Sufficient justification of the termination of a construction contract must exist or the terminating party may be liable for damages arising out of the wrongful termination. The results of any such termination typically are governed by termination clauses, or in their absence, Maryland statute.
On occasion, owners or general contractors will terminate a construction contract, alleging the lower-tiered contractor has failed to meet its contractual obligations on a project. The basis for termination will range from failure to perform, or arrange to have performed, any duties under the contract, to the refusal to pay subcontractors or materialmen. The damages may vary, depending on the contractual language regarding termination and the subcontractor’s ability to prove the existence of lost profits as a result of the termination.
Most construction contracts contain provisions dealing with termination of a construction project.

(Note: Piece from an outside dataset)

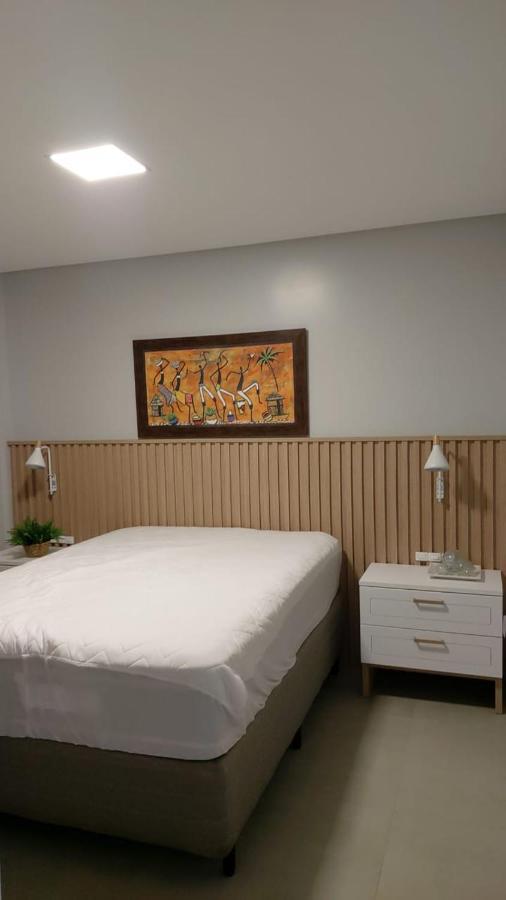 Apartamento Frente Mar Na Baia De Porto Belo Luaran gambar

Typically referenced as “Termination for Cause” and “Termination for Convenience”, these provisions provide guidance in the event that a construction contract has been terminated.

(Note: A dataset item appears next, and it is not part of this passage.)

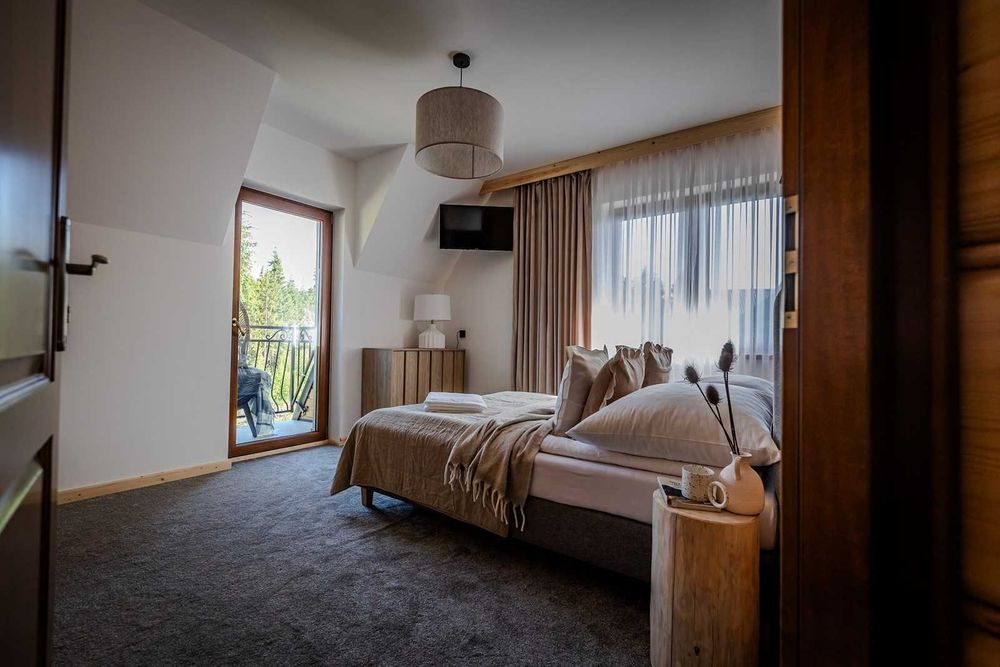 Wakacje Apartament delux Góry Tatry Zakopane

The Termination for Cause clause provides addresses when a contract can be terminated for a cause, such as non-performance or other breach, and how much, if any, should be paid in damages when that happens. A “Termination for Convenience” allows a party to terminate a contract regardless of whether some breach has occurred or is imminent but requires that the non-terminating party be properly compensated for the work performed and materials furnished to date, which normally excludes compensation for profits and overhead for work not yet performed and materials not yet furnished.

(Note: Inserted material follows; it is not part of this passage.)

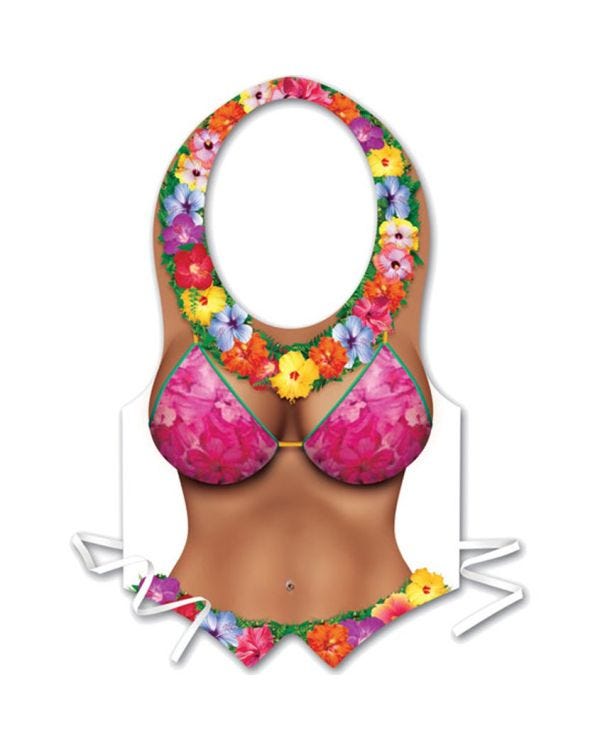 Plastic Beach Babe Vest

Contracts containing both provisions will frequently convert any wrongful termination for cause into a termination for convenience. Thus, the exclusive remedies for a wrongful termination would be the same remedies for a termination for convenience.
When the contract fails to address termination, the remedy must be fashioned from existing law and cases related to the same. In Maryland, a subcontractor may be entitled to the costs expended prior to the termination, as well as, anticipated profits the contractor would have earned on the entire project. In order to receive anticipated profits arising out of the termination of a construction project in Maryland, the terminated party must be able to prove that the loss was a result of the termination, the other party had foreseen that a loss of profits would be a probable result of a breach, and the lost profits can be proved with certainty.
In summary, the construction contract usually provides guidance on the available remedies for a termination. In the event the contract is silent, however, Maryland allows the payment of costs and potentially the payment of lost profits for a terminated contract.